書評
『1900年への旅―あるいは、道に迷わば年輪を見よ』(新潮社)
百年前の日欧の人物像
世界をあげての大騒ぎのすえ、何はともあれ西暦二〇〇〇年は到来し、すでにして四分の一を消化した。だが、二十一世紀はまだ来ていない。これから年末まで、「二十世紀とは何だったのか」という企画がはなやかに競われることだろう(ALL REVIEWS事務局注:本書評執筆時期は2000年)。寺島氏の新著は、ちょうど百年分、視点を後退させる。西紀一九〇〇年に、パリやロンドンはどんな国際関係の中にあったか。英国の首都に着いたばかりの漱石は、まず何を考えたか。この年フロイトは、問題の書「夢の精神分析」を出版している。そしてロンドン西方の小さな町イートンでは、あのケインズが、名門パブリック・スクールの三年生として、猛勉強の日々を送っていた。
ヒトラーはどうか。オーストリアのブラウナウに生を受けたアドルフは、一九〇〇年、小学校を卒業してリンツの実科学校に入学している。スペインのフランコはこの時八歳、イタリアのムソリーニは十七歳、西欧独裁者トリオはまだとても揃い踏みをするところまで行っていない。

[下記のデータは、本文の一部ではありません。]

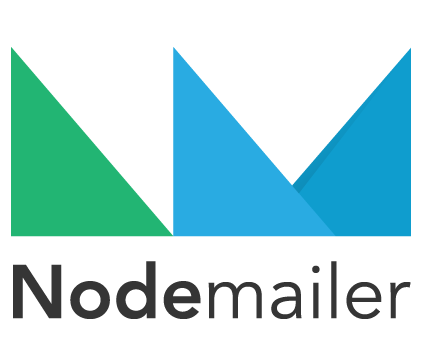 nodemailer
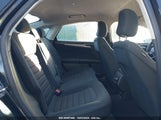 Ford Fusion Se 3FA6P0HD5LR255041 снимка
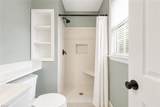 5390 Susquehanna Dr - Photo 23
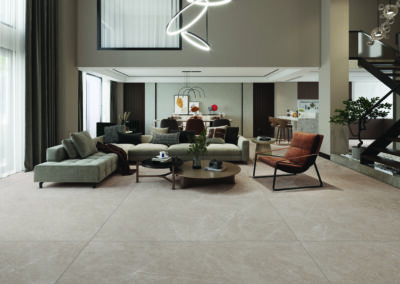 509119 pietra grigio carving matt 1200 x 1800 mm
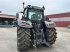 Traktor del tipo Fendt 724 Gen6 Profi Plus Set2 mit Vollausstattung, Gebrauchtmaschine In Ostercappeln (Immagine 9)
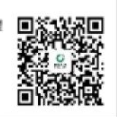 TIM截图20221009104722.png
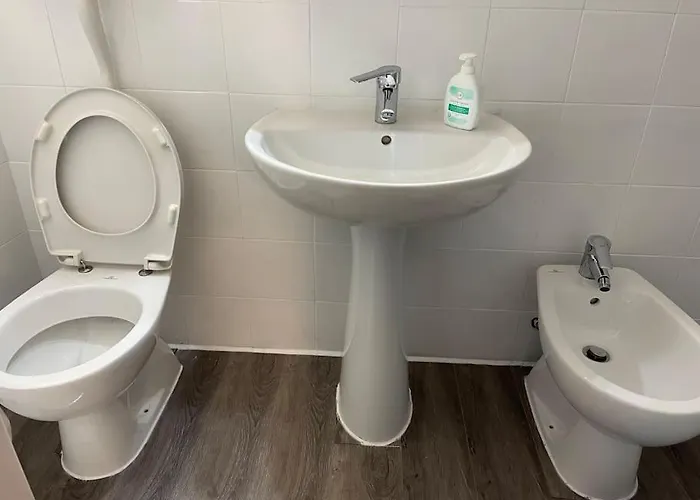 Casa Fiumicello *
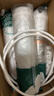 宏貓 凈水器濾芯超濾通用五級套裝廚房家用直飲自來水五級凈化濾機濾芯UF過濾芯 超濾機整套濾芯 曬單實拍圖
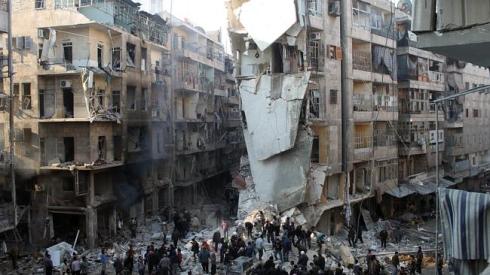 761878-dad9b170-6778-11e3-879d-630c394bcc3d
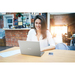 ASUS P1411CEA-EKi5X Specs ASUS P1411CEA-EKi5X Specs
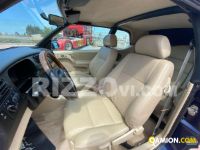 Volkswagen Golf 1.9 TDI/90 CV Highline | Altro Altro | Rizzo Veicoli Industriali Srl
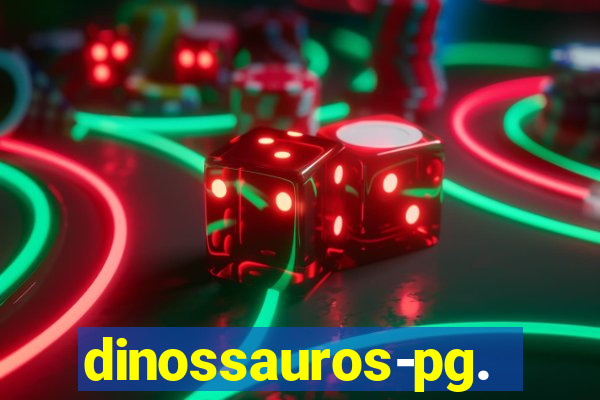 dinossauros-pg.com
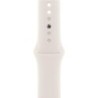 42mm Starlight Sport Band - S-M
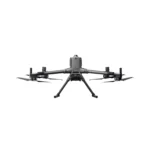 Matrice 400 Worry-Free Plus Combo Commercial Drone Supports 6KG Multi-Payload 59-min Flight Time LiDAR AR Projection M400 M350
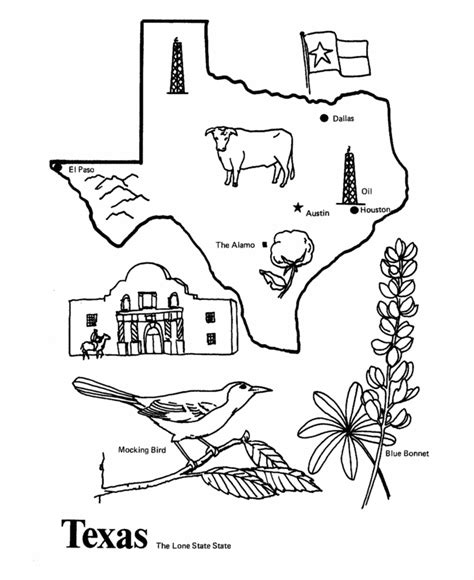 Cars Movie Coloring Sheets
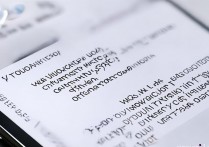 vivox6s 怎么系统好用？vivox6s 系统卡顿怎么办及如何升级流畅版本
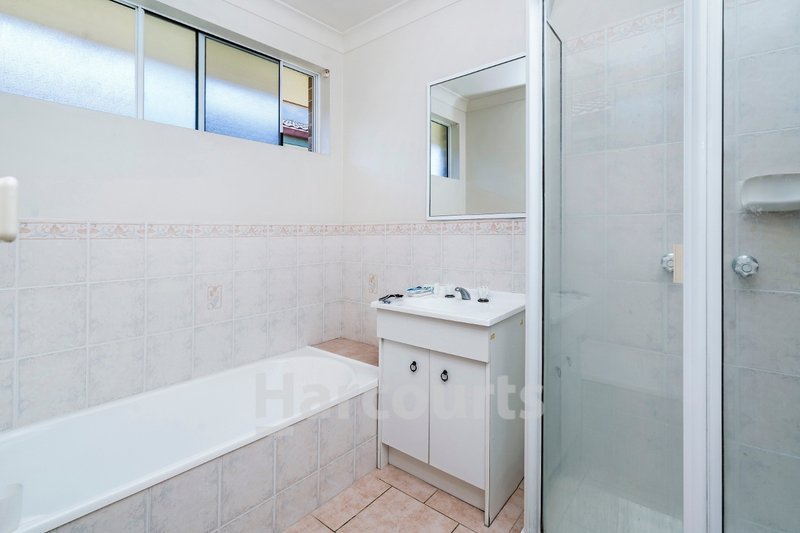 Photo - 14/85 Gregory Street, South West Rocks NSW 2431 - Image 7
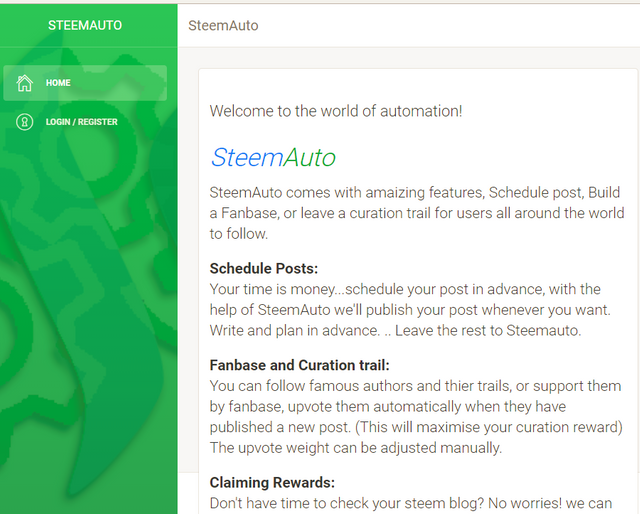 steem auto.PNG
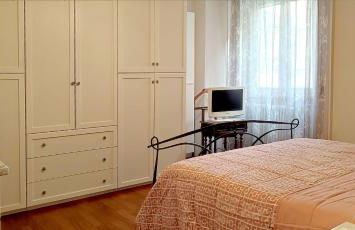 Tra le antiche mura e Garbatella - Foto 12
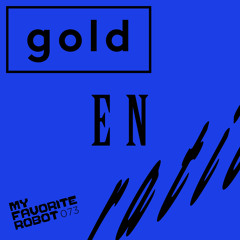 Tim Paris Golden Ratio Podcast June 2013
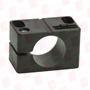 TURCK BST-30B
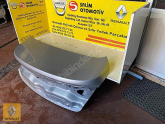 Oto Çıkma Parça / Renault / Megane / Kaporta & Karoser / Bagaj Kapağı / Çıkma Parça 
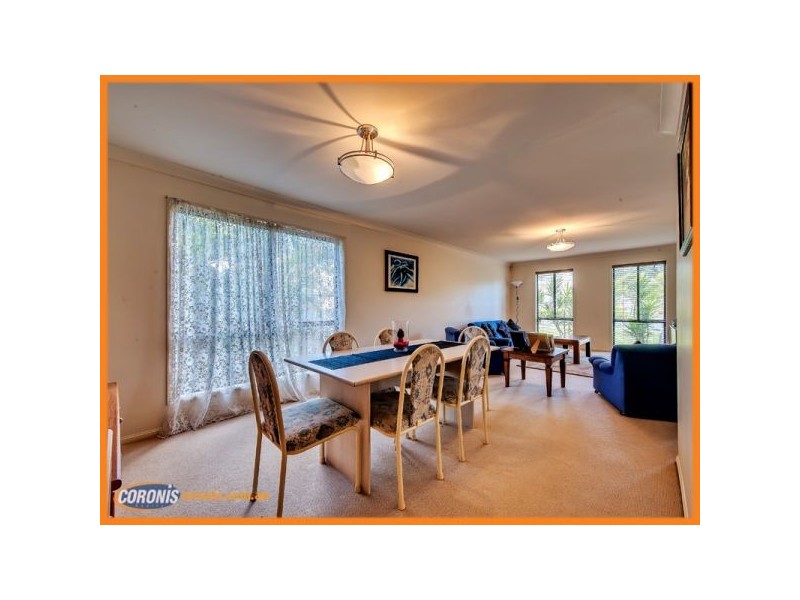 46 Montello Circuit, Springfield Lakes QLD 4300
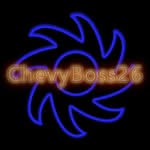 steven r washabaugh - @chevyboss26 - Instagram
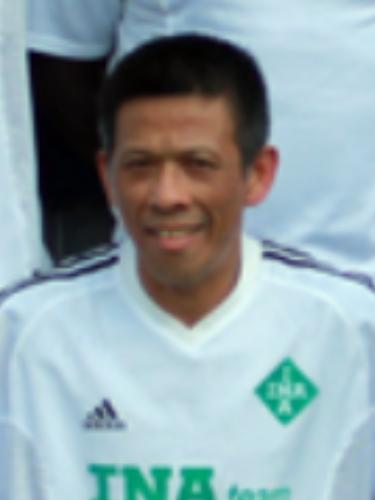 Vu Nguyen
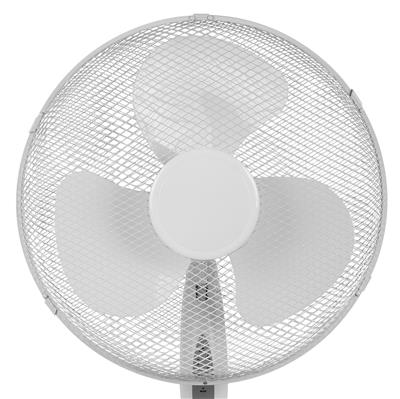 Tristar VE-5898PE Stand fan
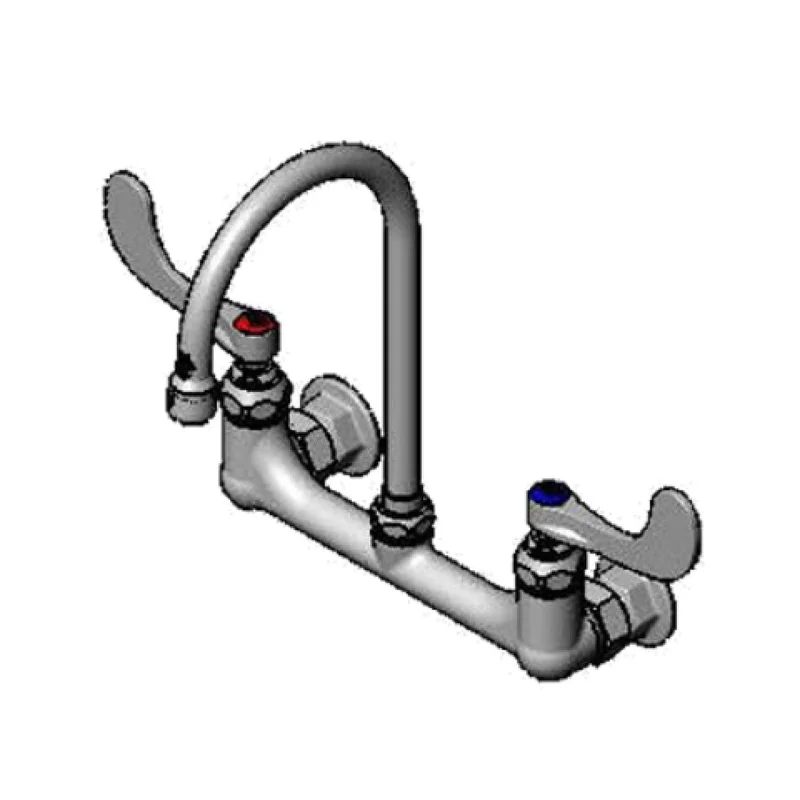 restaurantsupply-43272147
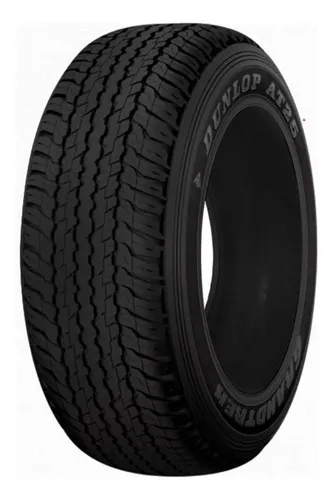 comprar Pneu Dunlop Aro 18 235u002F55r18 100h Grandtrekst30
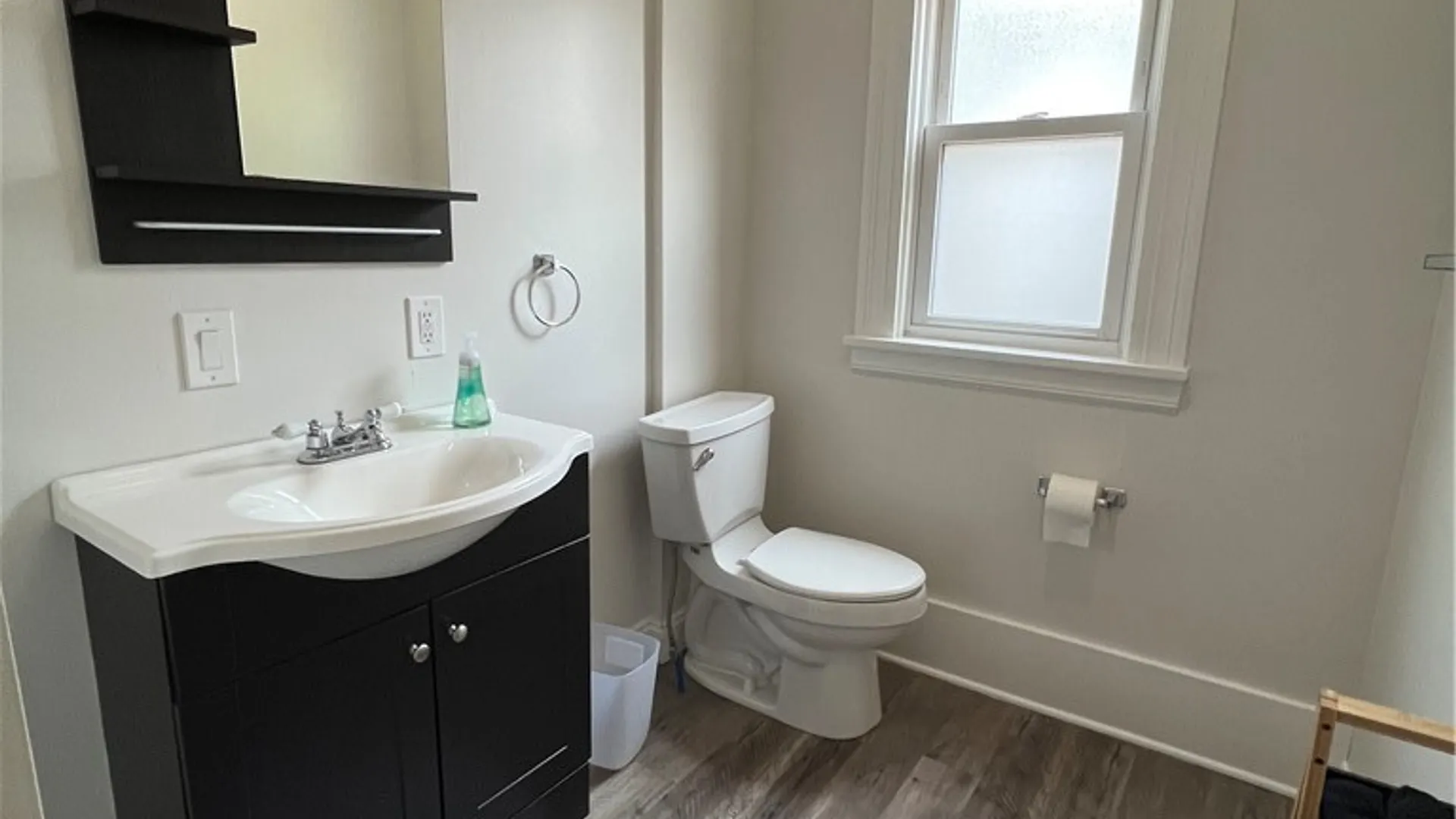 Property at 1155 Plymouth Avenue, Rochester, NY 14608 14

こんなふうに書くと、この本、エピソード集と取られかねないが、とんでもない話で、これは文献調査と現地歴訪をともども目いっぱいに果たした“問題提起”の書だ。「オッペケペー節」で有名な川上音二郎の欧米巡業が、サムライ、ハラキリ、ゲイシャのたぐいの安っぽい“日本”を白人たちの脳裡に植え付けたのでは、と強烈な疑義を呈するあたりにこそ著者の面目がある。
ヨーロッパと渡りあった日本人は、西園寺公望から南方熊楠まで、広瀬武夫から森鴎外まで、いかにも、と思われる人物が登場する。しかし、代理公使クーデンホーフ伯爵と結婚してオーストリアに渡り、波乱の生涯を送った江戸商人の娘青山光子に、寺島氏はいちばんの共感を寄せていると見た。